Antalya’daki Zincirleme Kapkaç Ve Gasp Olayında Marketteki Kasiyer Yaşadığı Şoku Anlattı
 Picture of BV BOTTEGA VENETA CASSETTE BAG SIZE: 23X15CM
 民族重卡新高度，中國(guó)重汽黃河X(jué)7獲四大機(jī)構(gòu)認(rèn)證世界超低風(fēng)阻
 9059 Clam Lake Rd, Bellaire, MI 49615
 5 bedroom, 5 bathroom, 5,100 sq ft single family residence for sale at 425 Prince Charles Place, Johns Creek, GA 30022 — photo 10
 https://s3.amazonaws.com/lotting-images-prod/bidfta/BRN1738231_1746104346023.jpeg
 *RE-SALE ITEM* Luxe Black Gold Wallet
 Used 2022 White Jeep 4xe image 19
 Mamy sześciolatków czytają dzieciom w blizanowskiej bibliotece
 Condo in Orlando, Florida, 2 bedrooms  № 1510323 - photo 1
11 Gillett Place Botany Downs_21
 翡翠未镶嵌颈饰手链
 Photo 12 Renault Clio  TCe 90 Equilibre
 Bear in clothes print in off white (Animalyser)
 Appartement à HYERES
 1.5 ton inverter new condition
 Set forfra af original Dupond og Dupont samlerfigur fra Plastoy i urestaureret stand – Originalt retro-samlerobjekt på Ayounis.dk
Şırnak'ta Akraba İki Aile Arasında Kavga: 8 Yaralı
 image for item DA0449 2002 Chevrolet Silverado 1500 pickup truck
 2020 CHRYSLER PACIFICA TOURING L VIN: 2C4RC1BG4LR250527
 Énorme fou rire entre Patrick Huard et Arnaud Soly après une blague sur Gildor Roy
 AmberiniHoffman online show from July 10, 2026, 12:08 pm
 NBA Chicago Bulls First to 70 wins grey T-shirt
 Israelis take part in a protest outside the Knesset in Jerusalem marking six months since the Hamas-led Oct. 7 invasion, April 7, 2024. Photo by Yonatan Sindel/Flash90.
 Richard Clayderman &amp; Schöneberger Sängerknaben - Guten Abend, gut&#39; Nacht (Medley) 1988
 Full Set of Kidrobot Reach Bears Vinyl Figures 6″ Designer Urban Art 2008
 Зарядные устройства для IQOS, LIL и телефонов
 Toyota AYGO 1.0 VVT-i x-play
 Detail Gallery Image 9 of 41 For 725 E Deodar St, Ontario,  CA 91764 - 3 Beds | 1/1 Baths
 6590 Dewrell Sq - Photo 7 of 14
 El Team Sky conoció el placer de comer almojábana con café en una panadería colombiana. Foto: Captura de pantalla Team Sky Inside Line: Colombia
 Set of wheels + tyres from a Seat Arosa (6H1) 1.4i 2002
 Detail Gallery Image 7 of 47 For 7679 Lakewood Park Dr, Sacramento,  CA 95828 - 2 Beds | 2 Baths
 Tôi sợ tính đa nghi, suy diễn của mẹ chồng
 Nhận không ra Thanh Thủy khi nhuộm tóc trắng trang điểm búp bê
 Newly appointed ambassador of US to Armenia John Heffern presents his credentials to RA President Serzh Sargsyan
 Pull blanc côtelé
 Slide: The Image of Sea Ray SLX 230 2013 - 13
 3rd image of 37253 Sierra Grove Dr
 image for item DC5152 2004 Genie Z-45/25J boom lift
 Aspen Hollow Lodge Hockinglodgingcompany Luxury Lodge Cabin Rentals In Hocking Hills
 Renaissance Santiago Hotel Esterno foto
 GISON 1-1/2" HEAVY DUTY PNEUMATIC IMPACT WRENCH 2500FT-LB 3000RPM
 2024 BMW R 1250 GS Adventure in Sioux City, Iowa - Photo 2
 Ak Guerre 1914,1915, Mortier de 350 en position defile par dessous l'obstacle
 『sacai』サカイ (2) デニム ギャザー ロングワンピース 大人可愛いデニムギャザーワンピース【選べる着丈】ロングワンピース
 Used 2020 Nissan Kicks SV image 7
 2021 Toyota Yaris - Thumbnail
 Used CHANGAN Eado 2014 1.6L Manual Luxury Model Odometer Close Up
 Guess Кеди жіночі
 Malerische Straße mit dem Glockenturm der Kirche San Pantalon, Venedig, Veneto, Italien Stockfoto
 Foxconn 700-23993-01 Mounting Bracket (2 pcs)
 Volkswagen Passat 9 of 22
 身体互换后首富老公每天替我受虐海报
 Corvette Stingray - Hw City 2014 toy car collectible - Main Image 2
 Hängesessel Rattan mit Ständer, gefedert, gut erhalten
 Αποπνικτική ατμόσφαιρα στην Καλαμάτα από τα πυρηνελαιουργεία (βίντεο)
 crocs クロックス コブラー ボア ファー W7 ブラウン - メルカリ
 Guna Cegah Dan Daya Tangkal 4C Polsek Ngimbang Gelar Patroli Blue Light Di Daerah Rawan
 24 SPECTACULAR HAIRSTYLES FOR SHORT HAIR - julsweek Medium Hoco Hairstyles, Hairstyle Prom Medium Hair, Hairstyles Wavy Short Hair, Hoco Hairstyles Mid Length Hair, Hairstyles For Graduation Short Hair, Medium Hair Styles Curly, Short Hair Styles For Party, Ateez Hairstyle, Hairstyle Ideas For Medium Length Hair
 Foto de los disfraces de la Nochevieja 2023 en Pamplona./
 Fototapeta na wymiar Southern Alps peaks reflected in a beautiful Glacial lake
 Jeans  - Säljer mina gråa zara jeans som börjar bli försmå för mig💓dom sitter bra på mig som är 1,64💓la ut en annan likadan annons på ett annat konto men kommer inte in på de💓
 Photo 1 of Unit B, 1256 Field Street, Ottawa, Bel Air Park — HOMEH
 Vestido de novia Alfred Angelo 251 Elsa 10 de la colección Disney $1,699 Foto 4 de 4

-- What this task involves --
Copy out the entire listing above exactly.

-- Exercise result --
Antalya’daki Zincirleme Kapkaç Ve Gasp Olayında Marketteki Kasiyer Yaşadığı Şoku Anlattı
 Picture of BV BOTTEGA VENETA CASSETTE BAG SIZE: 23X15CM
 民族重卡新高度，中國(guó)重汽黃河X(jué)7獲四大機(jī)構(gòu)認(rèn)證世界超低風(fēng)阻
 9059 Clam Lake Rd, Bellaire, MI 49615
 5 bedroom, 5 bathroom, 5,100 sq ft single family residence for sale at 425 Prince Charles Place, Johns Creek, GA 30022 — photo 10
 https://s3.amazonaws.com/lotting-images-prod/bidfta/BRN1738231_1746104346023.jpeg
 *RE-SALE ITEM* Luxe Black Gold Wallet
 Used 2022 White Jeep 4xe image 19
 Mamy sześciolatków czytają dzieciom w blizanowskiej bibliotece
 Condo in Orlando, Florida, 2 bedrooms  № 1510323 - photo 1
11 Gillett Place Botany Downs_21
 翡翠未镶嵌颈饰手链
 Photo 12 Renault Clio  TCe 90 Equilibre
 Bear in clothes print in off white (Animalyser)
 Appartement à HYERES
 1.5 ton inverter new condition
 Set forfra af original Dupond og Dupont samlerfigur fra Plastoy i urestaureret stand – Originalt retro-samlerobjekt på Ayounis.dk
Şırnak'ta Akraba İki Aile Arasında Kavga: 8 Yaralı
 image for item DA0449 2002 Chevrolet Silverado 1500 pickup truck
 2020 CHRYSLER PACIFICA TOURING L VIN: 2C4RC1BG4LR250527
 Énorme fou rire entre Patrick Huard et Arnaud Soly après une blague sur Gildor Roy
 AmberiniHoffman online show from July 10, 2026, 12:08 pm
 NBA Chicago Bulls First to 70 wins grey T-shirt
 Israelis take part in a protest outside the Knesset in Jerusalem marking six months since the Hamas-led Oct. 7 invasion, April 7, 2024. Photo by Yonatan Sindel/Flash90.
 Richard Clayderman &amp; Schöneberger Sängerknaben - Guten Abend, gut&#39; Nacht (Medley) 1988
 Full Set of Kidrobot Reach Bears Vinyl Figures 6″ Designer Urban Art 2008
 Зарядные устройства для IQOS, LIL и телефонов
 Toyota AYGO 1.0 VVT-i x-play
 Detail Gallery Image 9 of 41 For 725 E Deodar St, Ontario,  CA 91764 - 3 Beds | 1/1 Baths
 6590 Dewrell Sq - Photo 7 of 14
 El Team Sky conoció el placer de comer almojábana con café en una panadería colombiana. Foto: Captura de pantalla Team Sky Inside Line: Colombia
 Set of wheels + tyres from a Seat Arosa (6H1) 1.4i 2002
 Detail Gallery Image 7 of 47 For 7679 Lakewood Park Dr, Sacramento,  CA 95828 - 2 Beds | 2 Baths
 Tôi sợ tính đa nghi, suy diễn của mẹ chồng
 Nhận không ra Thanh Thủy khi nhuộm tóc trắng trang điểm búp bê
 Newly appointed ambassador of US to Armenia John Heffern presents his credentials to RA President Serzh Sargsyan
 Pull blanc côtelé
 Slide: The Image of Sea Ray SLX 230 2013 - 13
 3rd image of 37253 Sierra Grove Dr
 image for item DC5152 2004 Genie Z-45/25J boom lift
 Aspen Hollow Lodge Hockinglodgingcompany Luxury Lodge Cabin Rentals In Hocking Hills
 Renaissance Santiago Hotel Esterno foto
 GISON 1-1/2" HEAVY DUTY PNEUMATIC IMPACT WRENCH 2500FT-LB 3000RPM
 2024 BMW R 1250 GS Adventure in Sioux City, Iowa - Photo 2
 Ak Guerre 1914,1915, Mortier de 350 en position defile par dessous l'obstacle
 『sacai』サカイ (2) デニム ギャザー ロングワンピース 大人可愛いデニムギャザーワンピース【選べる着丈】ロングワンピース
 Used 2020 Nissan Kicks SV image 7
 2021 Toyota Yaris - Thumbnail
 Used CHANGAN Eado 2014 1.6L Manual Luxury Model Odometer Close Up
 Guess Кеди жіночі
 Malerische Straße mit dem Glockenturm der Kirche San Pantalon, Venedig, Veneto, Italien Stockfoto
 Foxconn 700-23993-01 Mounting Bracket (2 pcs)
 Volkswagen Passat 9 of 22
 身体互换后首富老公每天替我受虐海报
 Corvette Stingray - Hw City 2014 toy car collectible - Main Image 2
 Hängesessel Rattan mit Ständer, gefedert, gut erhalten
 Αποπνικτική ατμόσφαιρα στην Καλαμάτα από τα πυρηνελαιουργεία (βίντεο)
 crocs クロックス コブラー ボア ファー W7 ブラウン - メルカリ
 Guna Cegah Dan Daya Tangkal 4C Polsek Ngimbang Gelar Patroli Blue Light Di Daerah Rawan
 24 SPECTACULAR HAIRSTYLES FOR SHORT HAIR - julsweek Medium Hoco Hairstyles, Hairstyle Prom Medium Hair, Hairstyles Wavy Short Hair, Hoco Hairstyles Mid Length Hair, Hairstyles For Graduation Short Hair, Medium Hair Styles Curly, Short Hair Styles For Party, Ateez Hairstyle, Hairstyle Ideas For Medium Length Hair
 Foto de los disfraces de la Nochevieja 2023 en Pamplona./
 Fototapeta na wymiar Southern Alps peaks reflected in a beautiful Glacial lake
 Jeans  - Säljer mina gråa zara jeans som börjar bli försmå för mig💓dom sitter bra på mig som är 1,64💓la ut en annan likadan annons på ett annat konto men kommer inte in på de💓
 Photo 1 of Unit B, 1256 Field Street, Ottawa, Bel Air Park — HOMEH
 Vestido de novia Alfred Angelo 251 Elsa 10 de la colección Disney $1,699 Foto 4 de 4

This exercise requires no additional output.